Exercise description —
Only these lines are needed: the first line of the entries below through the line with "YMJ 2019 New", each returned exactly.
Start of Record excerpts
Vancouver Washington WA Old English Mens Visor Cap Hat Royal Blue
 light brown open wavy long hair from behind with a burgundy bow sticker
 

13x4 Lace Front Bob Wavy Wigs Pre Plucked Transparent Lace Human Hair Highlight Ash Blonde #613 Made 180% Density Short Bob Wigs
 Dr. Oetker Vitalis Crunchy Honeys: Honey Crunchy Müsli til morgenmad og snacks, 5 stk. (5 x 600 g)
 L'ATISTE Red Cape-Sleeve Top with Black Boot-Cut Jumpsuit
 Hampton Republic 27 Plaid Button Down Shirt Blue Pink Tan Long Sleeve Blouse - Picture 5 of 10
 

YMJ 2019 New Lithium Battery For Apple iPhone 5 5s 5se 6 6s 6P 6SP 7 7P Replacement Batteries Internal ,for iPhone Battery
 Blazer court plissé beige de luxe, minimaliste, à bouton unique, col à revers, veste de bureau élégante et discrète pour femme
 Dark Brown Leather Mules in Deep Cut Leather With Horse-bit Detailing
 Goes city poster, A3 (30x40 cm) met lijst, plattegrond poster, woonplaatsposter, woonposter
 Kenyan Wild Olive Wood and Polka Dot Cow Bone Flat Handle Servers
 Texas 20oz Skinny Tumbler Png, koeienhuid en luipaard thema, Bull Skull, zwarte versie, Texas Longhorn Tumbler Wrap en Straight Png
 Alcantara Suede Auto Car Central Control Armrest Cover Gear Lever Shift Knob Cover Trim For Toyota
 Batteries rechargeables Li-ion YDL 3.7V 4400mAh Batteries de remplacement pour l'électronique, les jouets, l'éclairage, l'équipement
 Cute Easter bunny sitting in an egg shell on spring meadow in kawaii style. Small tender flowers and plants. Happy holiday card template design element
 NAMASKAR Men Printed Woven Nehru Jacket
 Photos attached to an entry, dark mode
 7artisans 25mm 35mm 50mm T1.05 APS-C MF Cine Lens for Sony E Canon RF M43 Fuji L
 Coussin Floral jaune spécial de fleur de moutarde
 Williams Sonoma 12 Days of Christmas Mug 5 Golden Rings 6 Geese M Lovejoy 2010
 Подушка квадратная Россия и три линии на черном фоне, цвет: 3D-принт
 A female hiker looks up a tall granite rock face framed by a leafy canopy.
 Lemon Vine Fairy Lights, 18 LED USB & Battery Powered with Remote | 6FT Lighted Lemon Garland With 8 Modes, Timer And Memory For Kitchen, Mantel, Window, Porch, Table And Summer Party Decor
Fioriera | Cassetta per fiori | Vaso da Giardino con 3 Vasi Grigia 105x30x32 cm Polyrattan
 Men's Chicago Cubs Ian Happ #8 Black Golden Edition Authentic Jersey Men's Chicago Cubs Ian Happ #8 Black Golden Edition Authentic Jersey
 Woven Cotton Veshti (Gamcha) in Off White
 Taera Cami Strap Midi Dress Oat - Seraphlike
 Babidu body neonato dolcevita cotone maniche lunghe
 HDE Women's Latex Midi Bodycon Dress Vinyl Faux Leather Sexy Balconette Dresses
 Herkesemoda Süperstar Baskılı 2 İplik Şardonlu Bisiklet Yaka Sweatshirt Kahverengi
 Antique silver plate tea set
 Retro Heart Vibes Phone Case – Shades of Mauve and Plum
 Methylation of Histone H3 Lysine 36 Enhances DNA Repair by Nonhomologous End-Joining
End of Record excerpts
Output of the task —
Vancouver Washington WA Old English Mens Visor Cap Hat Royal Blue
 light brown open wavy long hair from behind with a burgundy bow sticker
 

13x4 Lace Front Bob Wavy Wigs Pre Plucked Transparent Lace Human Hair Highlight Ash Blonde #613 Made 180% Density Short Bob Wigs
 Dr. Oetker Vitalis Crunchy Honeys: Honey Crunchy Müsli til morgenmad og snacks, 5 stk. (5 x 600 g)
 L'ATISTE Red Cape-Sleeve Top with Black Boot-Cut Jumpsuit
 Hampton Republic 27 Plaid Button Down Shirt Blue Pink Tan Long Sleeve Blouse - Picture 5 of 10
 

YMJ 2019 New Lithium Battery For Apple iPhone 5 5s 5se 6 6s 6P 6SP 7 7P Replacement Batteries Internal ,for iPhone Battery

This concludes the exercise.